Imagine circumnavigating the entire equator in a journey powered solely by the sun and hydrogen, with zero emissions to speak of. While it may not break any speed records, the Solar Airship One aims to do just that, offering a sustainable and leisurely approach to long-distance travel.
This 151-meter (495-foot) solar-powered airship boasts an impressive solar film covering its upper surface, equating to around 4,800 square meters (51,700 square feet) of solar power generation. This ambitious project is set to take flight in 2026, led by a team of experienced aviators and adventure seekers.
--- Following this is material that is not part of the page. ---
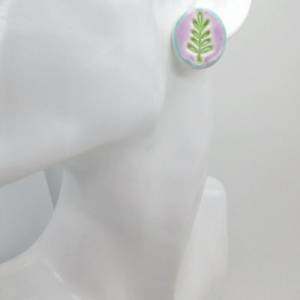 kleine Ohrstecker, niedliche Ohrringe, Polymer Clay Ohrringe, botanische Ohrringe mit Blättern,  Alltagsohrringe Bild 4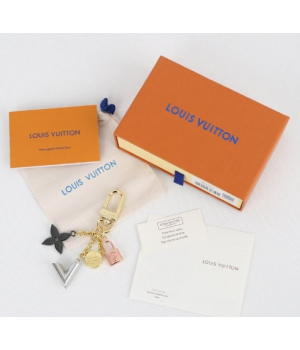 (국내배송) 루이비통 69324 백참 & 키홀더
Solar Airship One is a groundbreaking concept in the world of aviation. With its entire upper surface blanketed in solar film, this airship will harness the sun’s energy during the day to power its electric propulsion systems and store excess energy by converting water into hydrogen via electrolysis. During the night, the stored hydrogen will be used in a fuel cell to keep the airship afloat and moving forward.
The airship will be piloted by a team of three remarkable individuals, including former French astronaut and Air Force pilot Michel Tognini, paraplegic plane-crash survivor and aerobatic pilot Dorine Bourneton, and the renowned adventurer and “inspioneer” Bertrand Piccard, who achieved fame with the first successful non-stop balloon circumnavigation in 1999 and piloted the Solar Impulse 2 on its historic round-the-world solar flight from 2015 to 2016.
While the Solar Airship One won’t be breaking any speed records, its design offers unique advantages. With an expected average speed of slightly over 83 kilometers per hour (52 miles per hour), it’s a far cry from the speed of conventional airliners. However, airships offer the flexibility to stop and start at virtually any location, eliminating the need for dedicated runways.
Beyond leisurely travel, some experts believe that hydrogen-filled airships hold the key to the future of zero-emissions cargo transportation. These airships can carry payloads eight to ten times larger than cargo planes, at a fraction of the cost, and up to ten times the speed of cargo ships.
However, it’s important to note that while the energy used by Solar Airship One is renewable, one vital component isn’t: helium. The airship’s rigid structure is filled with helium, a non-replaceable element on Earth. When released into the atmosphere, helium escapes into space, making it a finite and irreplaceable resource.
The Euro Airship team plans to embark on its zero-carbon circumnavigation adventure in 2026. Their journey will follow the equator at approximately 6,000 meters (19,700 feet), demonstrating a slow yet environmentally conscious approach to long-distance travel in a world that increasingly values sustainability.